R counter doesn't count integer(0)-CodePudding

I have been trying to solve this issue but couldn't succeed whatever I tried, the solutions found on internet and this site didn't work either.

I have these kind of datasets with more than 500k rows.

Example subset:

subset= as.data.frame(matrix(c(9,9,9,0,2,9,0,9,9,1,0,2,9,9,9,0,0,0,2,2,2,1,1,1),ncol = 3, byrow = T))

Every column is an individual, every row is a certain marker, with "0,1,2" meaning it is not missing data for that row (of course with other meanings but not necessary here to explain) and "9" meaning it is missing data for that row. I am going to write numbers as with quotation marks to keep it clear to see, but it is numeral in the dataset.
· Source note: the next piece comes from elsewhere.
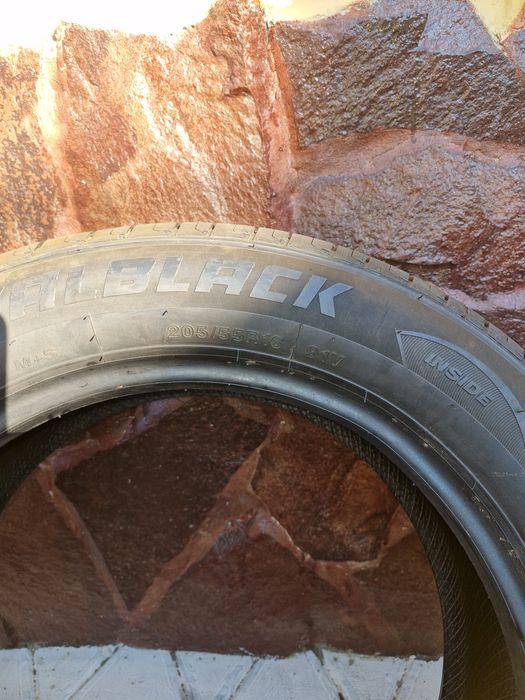 Anvelope vara noi 205/ 55/ R16 + jante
What I am trying to do is counting the rows where at least one of the samples is not missing. So, in the rows where it is all consisted of "9"s, the counter will not increase. If at least one cell is not 9 in that certain row, the counter will increase by one.

After trying for some time, I wrote this code:

counter=0

test = apply(subset, 1,  function(i) {
  if(length(which(subset[i,] !=9)) != 0){
    counter=counter 1
  }
  print(counter)
  assign("counter",counter,envir = .GlobalEnv)
})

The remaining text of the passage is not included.